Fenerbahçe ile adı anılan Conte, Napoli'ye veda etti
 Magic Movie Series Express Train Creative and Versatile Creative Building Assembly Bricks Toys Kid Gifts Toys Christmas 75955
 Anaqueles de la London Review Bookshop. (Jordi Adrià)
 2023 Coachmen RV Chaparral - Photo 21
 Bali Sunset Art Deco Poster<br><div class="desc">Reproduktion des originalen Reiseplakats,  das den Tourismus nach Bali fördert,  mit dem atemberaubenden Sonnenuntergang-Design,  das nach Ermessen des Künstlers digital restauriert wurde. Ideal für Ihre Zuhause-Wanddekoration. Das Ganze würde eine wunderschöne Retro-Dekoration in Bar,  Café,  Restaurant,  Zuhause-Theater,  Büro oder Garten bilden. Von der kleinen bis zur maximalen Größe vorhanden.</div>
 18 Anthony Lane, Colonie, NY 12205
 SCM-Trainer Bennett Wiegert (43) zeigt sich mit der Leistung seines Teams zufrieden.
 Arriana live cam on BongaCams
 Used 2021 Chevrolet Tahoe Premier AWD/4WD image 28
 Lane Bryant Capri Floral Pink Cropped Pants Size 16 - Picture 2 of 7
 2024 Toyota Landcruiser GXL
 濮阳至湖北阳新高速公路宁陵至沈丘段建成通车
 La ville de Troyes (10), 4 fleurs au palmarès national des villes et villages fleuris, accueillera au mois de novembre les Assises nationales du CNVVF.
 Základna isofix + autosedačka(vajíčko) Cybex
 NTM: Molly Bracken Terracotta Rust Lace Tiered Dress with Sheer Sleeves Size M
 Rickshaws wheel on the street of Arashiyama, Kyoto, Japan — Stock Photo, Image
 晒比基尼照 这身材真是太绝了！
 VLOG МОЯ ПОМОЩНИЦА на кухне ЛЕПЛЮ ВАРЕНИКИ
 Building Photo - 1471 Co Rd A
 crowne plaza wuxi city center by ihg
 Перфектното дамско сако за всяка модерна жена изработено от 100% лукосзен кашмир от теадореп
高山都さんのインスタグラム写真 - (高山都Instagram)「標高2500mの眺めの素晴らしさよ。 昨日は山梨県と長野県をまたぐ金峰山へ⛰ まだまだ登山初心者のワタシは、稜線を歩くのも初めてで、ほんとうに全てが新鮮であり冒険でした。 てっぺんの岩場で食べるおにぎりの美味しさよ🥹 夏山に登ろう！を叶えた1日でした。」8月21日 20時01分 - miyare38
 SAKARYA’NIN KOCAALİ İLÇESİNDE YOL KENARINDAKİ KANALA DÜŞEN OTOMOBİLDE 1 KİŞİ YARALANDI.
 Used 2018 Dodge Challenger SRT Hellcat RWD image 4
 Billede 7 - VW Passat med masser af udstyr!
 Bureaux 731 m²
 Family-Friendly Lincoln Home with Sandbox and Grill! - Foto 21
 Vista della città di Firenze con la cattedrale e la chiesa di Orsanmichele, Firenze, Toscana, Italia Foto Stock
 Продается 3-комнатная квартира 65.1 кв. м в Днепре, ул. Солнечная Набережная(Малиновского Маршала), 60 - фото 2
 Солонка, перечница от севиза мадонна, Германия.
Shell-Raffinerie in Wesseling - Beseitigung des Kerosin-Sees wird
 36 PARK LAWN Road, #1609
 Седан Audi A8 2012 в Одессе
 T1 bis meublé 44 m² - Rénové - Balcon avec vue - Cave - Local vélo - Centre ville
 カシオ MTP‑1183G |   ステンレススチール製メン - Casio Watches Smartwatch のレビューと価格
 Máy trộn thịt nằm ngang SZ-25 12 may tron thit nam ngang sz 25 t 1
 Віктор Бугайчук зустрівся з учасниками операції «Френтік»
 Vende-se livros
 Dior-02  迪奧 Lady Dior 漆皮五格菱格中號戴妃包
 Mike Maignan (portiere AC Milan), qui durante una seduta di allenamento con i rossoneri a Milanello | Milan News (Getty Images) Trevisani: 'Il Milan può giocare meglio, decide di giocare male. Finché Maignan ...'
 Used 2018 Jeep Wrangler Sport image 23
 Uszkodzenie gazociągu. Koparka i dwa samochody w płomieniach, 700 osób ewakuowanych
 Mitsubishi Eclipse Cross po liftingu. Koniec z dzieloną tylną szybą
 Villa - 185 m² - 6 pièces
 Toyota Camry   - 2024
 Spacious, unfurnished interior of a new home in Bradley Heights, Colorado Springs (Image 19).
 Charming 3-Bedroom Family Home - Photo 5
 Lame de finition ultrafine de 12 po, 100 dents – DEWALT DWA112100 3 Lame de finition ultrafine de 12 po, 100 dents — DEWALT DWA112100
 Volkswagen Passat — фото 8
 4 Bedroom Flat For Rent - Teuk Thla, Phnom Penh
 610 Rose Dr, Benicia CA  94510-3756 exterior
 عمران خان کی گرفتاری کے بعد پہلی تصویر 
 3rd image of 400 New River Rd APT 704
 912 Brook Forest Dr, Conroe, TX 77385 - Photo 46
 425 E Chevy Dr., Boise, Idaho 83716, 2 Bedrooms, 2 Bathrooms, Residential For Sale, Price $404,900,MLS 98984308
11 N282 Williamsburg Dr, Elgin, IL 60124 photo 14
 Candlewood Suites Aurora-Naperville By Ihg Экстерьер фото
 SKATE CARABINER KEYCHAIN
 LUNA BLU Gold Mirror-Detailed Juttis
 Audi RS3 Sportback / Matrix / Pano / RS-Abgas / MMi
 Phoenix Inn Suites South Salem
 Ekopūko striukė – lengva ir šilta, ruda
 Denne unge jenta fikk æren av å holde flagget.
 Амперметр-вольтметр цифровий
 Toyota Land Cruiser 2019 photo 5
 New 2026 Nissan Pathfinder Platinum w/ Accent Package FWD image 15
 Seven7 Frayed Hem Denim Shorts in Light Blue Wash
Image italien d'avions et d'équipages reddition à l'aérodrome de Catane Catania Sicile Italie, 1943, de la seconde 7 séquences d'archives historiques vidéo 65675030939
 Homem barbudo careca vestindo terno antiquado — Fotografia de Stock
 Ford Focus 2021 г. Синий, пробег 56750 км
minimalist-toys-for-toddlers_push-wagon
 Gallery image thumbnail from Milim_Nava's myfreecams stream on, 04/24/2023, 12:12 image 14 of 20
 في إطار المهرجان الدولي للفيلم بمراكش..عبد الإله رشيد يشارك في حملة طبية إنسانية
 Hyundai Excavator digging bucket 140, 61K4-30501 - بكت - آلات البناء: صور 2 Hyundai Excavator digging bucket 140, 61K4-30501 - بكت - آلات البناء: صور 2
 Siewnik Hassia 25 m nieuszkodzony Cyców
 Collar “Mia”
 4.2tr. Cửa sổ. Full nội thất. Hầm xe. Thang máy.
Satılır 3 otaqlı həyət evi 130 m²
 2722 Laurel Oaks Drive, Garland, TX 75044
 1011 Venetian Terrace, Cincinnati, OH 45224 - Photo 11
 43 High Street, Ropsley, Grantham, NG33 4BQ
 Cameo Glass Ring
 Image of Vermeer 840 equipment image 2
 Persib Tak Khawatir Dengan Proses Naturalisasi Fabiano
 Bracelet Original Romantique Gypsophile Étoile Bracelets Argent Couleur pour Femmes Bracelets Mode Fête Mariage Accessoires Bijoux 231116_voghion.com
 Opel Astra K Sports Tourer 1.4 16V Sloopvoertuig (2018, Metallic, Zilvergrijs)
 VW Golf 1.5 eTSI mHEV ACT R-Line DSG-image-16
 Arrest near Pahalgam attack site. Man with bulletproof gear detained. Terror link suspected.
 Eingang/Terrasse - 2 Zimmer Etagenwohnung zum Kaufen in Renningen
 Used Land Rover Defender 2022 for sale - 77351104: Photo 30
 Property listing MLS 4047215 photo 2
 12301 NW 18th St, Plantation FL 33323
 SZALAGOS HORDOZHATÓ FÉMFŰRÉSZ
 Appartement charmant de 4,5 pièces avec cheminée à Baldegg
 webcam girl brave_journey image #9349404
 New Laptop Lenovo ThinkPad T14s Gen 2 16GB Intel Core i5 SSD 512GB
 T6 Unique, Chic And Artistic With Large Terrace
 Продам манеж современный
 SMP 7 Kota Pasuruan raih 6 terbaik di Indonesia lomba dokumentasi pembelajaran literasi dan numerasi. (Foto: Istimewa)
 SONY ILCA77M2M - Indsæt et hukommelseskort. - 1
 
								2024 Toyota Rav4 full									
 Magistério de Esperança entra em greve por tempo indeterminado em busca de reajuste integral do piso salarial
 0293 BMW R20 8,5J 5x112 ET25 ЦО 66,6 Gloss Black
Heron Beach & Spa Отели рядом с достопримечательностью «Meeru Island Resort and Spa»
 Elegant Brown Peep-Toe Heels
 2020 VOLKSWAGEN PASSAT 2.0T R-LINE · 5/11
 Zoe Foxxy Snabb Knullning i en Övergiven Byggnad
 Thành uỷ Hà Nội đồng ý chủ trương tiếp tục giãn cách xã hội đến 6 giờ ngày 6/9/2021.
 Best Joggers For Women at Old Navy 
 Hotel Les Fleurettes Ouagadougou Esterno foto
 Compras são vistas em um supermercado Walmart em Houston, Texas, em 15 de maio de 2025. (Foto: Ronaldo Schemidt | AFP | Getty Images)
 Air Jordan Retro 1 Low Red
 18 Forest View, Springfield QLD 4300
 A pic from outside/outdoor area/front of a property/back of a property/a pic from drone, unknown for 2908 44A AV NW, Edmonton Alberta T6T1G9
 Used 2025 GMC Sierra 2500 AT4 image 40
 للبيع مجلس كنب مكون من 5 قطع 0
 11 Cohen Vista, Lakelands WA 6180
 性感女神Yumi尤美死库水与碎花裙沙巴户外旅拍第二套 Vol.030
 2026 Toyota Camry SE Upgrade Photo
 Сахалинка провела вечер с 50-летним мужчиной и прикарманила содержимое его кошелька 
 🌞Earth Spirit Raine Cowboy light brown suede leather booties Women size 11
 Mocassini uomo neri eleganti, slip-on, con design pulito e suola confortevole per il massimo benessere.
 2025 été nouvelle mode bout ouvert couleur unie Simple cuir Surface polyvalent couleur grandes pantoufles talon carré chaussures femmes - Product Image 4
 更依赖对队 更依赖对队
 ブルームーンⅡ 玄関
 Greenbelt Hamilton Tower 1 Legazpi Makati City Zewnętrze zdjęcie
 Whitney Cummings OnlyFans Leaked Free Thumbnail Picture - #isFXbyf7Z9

************

Your instructions:
Say how many lines of these records hold the string "Toyota", giving the number and no other words.

Result for this task:
5